Skipping all pictures, please restate word for word the lines from the one that contains "Barumini saluta Swiffer, lo" through the last line of the entries.

- _Records provided_

----------

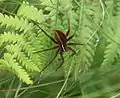 Weibchen von Dolomedes striatus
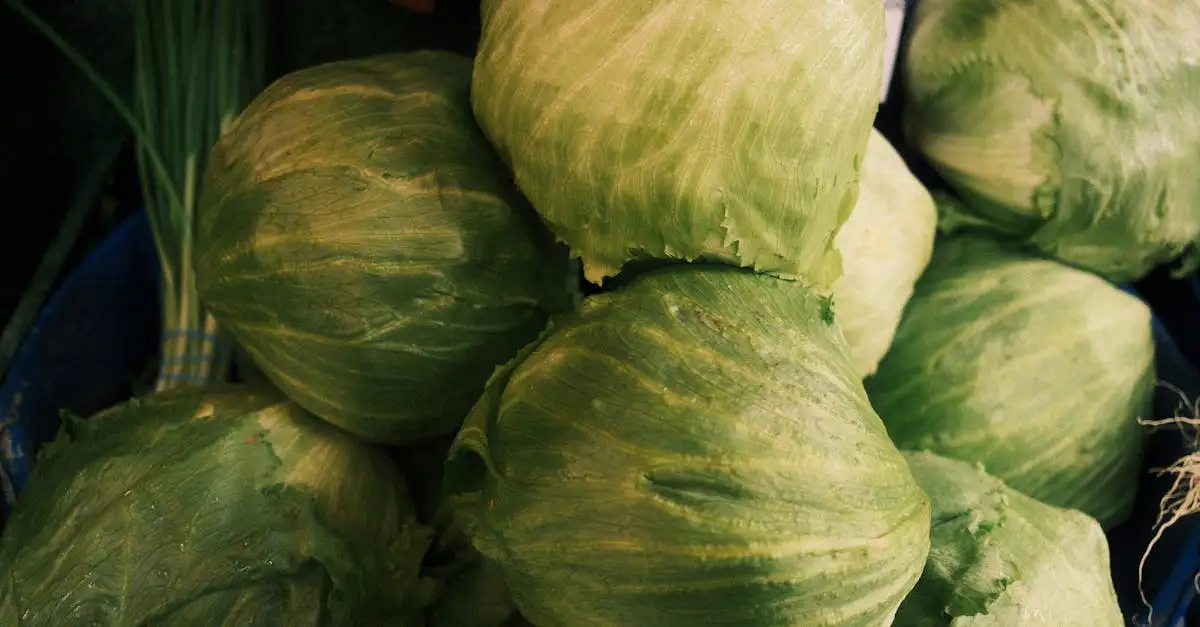 Unterrichtsmaterial gesunde ernährung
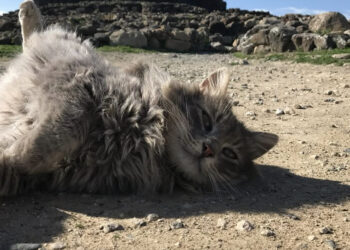 Barumini saluta Swiffer, lo splendido custode del nuraghe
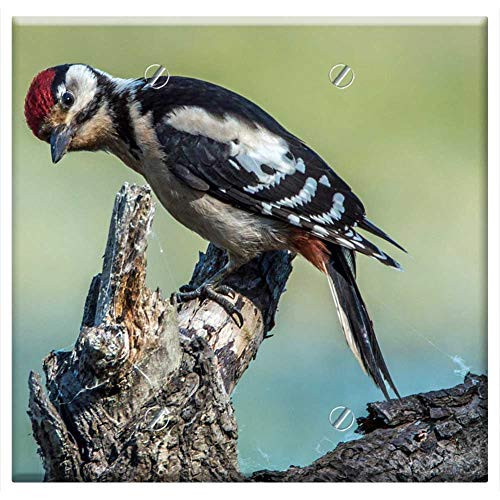 Double Blank Wall Plate Cover - Spotted Bird Sit Branch Tree Nature Beak Fly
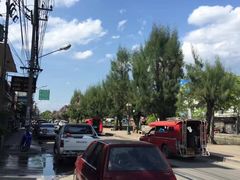 -芒果糯米饭摊子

----------

- _Worked solution_
 Barumini saluta Swiffer, lo splendido custode del nuraghe
 Double Blank Wall Plate Cover - Spotted Bird Sit Branch Tree Nature Beak Fly
 -芒果糯米饭摊子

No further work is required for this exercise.